Wednesday, July 16, 2014: 4:15 PM
Room: Booth 46
Oral Presentation
Ralph HOSOKI , Sociology, University of California, Irvine, IRVINE, CA
Nation-states vary largely in the degree to which the economic, social, cultural, civil and political rights enjoyed by the native citizenry are conferred upon foreign nationals, and rarely do non-nationals fully enjoy equal rights unless they naturalize.
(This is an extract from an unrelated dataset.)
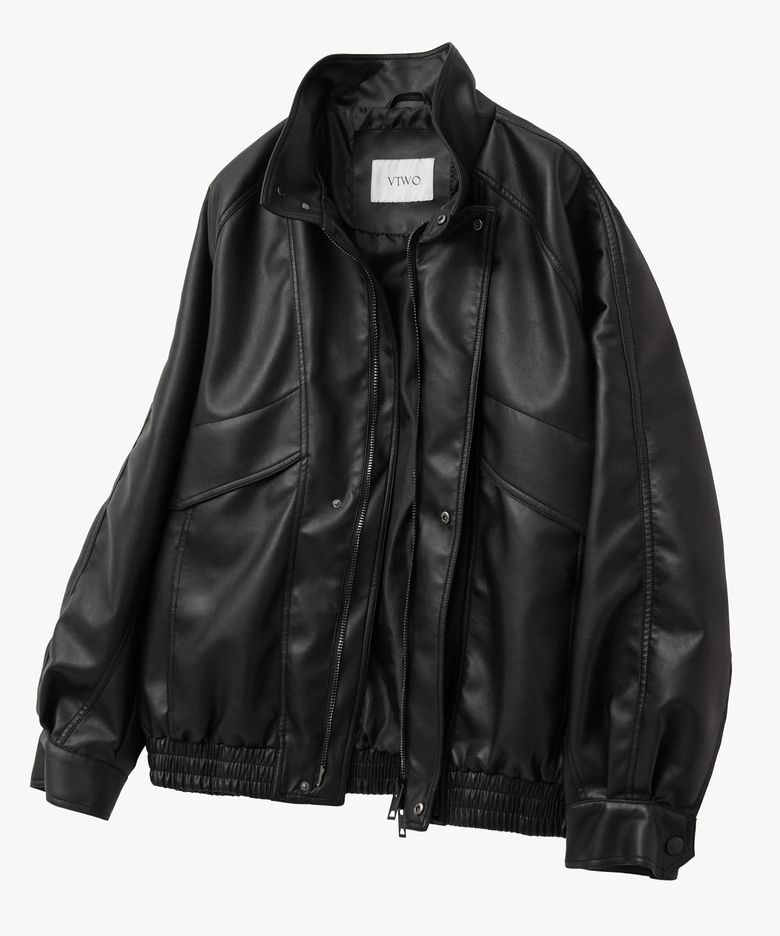 8276 오버핏 레더 자켓 (BLACK)
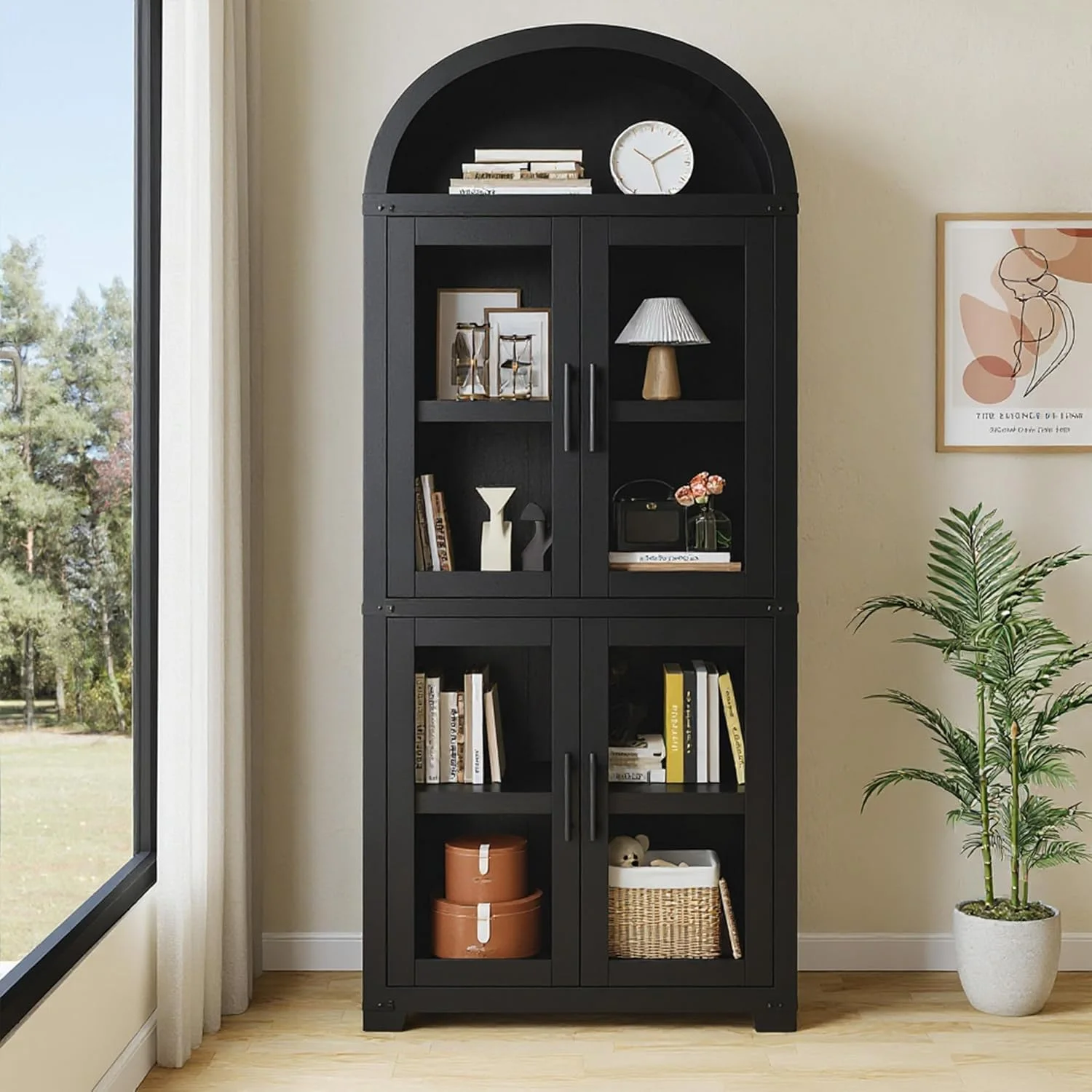 AOILE 72" Tall Arched Farmhouse Bookcase with Doors, Wooden Display Cabinet with Storage Shelves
There is considerable cross-national variation in accessibility to the legal institution of citizenship, but extant studies on the determinants of such variation are fragmented, revealing contradictory findings.  Comparative studies, though informative, are largely qualitative and geographically limited to Western liberal democracies, making it difficult to make generalizable claims about other parts of the world.  Furthermore, there has been limited theorization on the impact of international exogenous pressures on citizenship and nationality laws.  Using the 2001 Citizenship Laws of the World dataset to obtain data on the minimum residency length requirements for naturalization as a proxy measure for migrants’ accessibility to rights, this cross-national study utilizes OLS regression to compare the explanatory power of world culture variables against domestic economic, political, and demographic variables commonly used in studies on the determinants of citizenship laws.  Results show that international non-governmental organization (INGO) membership best predicts cross-national variance in the minimum residency length requirements for naturalization, thereby suggesting that extensive linkages with INGOs and the resulting diffusion of world cultural scripts on human rights into the domestic society and polity influence a state’s willingness to confer the ultimate means to legal membership and rights.